Discussion in 'Web' started by Deleted User, Nov 16, 2017.

  1. Deleted User

    Deleted User

    Guest

    Is there a way to "destroy" the WebGL player and free up the resources it's using?

    I have an Angular 2(4?) website with a particular page that loads Unity WebGL games in. I've got this all working great, but I've noticed when you navigate away from that page (currently only testing in Chrome) the memory usage of that chrome tab in Task Manager does not go back down. So if I then navigate BACK to that page and load another Unity game, the memory usage goes up by that same amount again. And this will repeat every time you navigate away and back until things get very slow and likely run out of memory.

    I'm guessing this is due to Angular not actually refreshing pages when navigating but simply removing and adding DOM elements on the fly. If I manually hit refresh the memory usage shoots back down.
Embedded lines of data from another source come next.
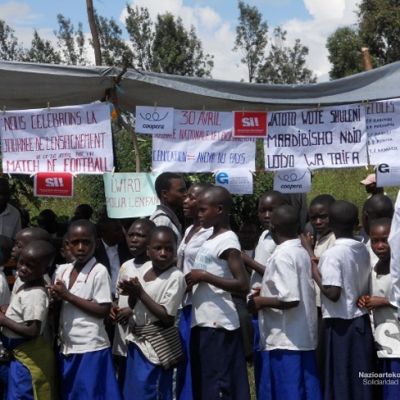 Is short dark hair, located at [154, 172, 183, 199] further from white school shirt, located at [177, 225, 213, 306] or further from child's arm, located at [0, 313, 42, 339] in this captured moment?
child's arm, located at [0, 313, 42, 339]

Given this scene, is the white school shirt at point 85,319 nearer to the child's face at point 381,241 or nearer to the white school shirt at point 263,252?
the white school shirt at point 263,252

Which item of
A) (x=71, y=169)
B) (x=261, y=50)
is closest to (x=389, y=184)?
(x=71, y=169)

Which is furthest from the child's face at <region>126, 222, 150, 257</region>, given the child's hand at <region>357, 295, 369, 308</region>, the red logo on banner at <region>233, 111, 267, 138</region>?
the red logo on banner at <region>233, 111, 267, 138</region>

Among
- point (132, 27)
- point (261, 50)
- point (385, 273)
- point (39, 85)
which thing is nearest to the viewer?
point (385, 273)

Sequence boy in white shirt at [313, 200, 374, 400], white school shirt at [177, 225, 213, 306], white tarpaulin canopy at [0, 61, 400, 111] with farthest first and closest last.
A: white tarpaulin canopy at [0, 61, 400, 111]
white school shirt at [177, 225, 213, 306]
boy in white shirt at [313, 200, 374, 400]

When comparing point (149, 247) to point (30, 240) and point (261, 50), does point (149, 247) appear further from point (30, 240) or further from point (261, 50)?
point (261, 50)

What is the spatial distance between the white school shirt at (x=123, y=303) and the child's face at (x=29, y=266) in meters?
0.47

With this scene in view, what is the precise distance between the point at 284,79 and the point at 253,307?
34117 millimetres

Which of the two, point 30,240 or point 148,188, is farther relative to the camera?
point 148,188

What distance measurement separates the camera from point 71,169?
5.36m

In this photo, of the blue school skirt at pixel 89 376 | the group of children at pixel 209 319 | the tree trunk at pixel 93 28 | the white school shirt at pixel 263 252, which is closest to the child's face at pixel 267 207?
the white school shirt at pixel 263 252

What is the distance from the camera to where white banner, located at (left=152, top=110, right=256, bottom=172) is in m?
5.50

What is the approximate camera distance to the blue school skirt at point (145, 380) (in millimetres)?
4098

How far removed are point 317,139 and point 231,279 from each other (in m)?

    So the Unity WebGL Canvas gets destroyed, but there's clearly still large amounts of data hidden somewhere that aren't getting cleaned up.
     
    chriszul and kailashvetal47 like this.
  2. Stardog

    Stardog

    Joined:
    Jun 28, 2010
    Posts:
    1,913
    Try waiting longer. See if the browser cleans it up when it feels like it.
     
  3. Deleted User

    Deleted User

    Guest

    I'll try that. But I've let it sit for at least 10 minutes before and I don't think it ever cleaned up. Which is a problem when after navigating to at least 2 game pages it memory usage gets high enough that the webgl player starts running rather choppy.
     
  4. monark

    monark

    Joined:
    May 2, 2008
    Posts:
    1,598
    I find something similar in Firefox where we run our app in it's own window, closing the window doesn't free up the memory you have to close the parent page, it's very annoying as it sucks up tons and tons of memory if people open more than one. Even though we only allow one window at a time Firefox can run out of memory and there is nothing it seems we can do about it.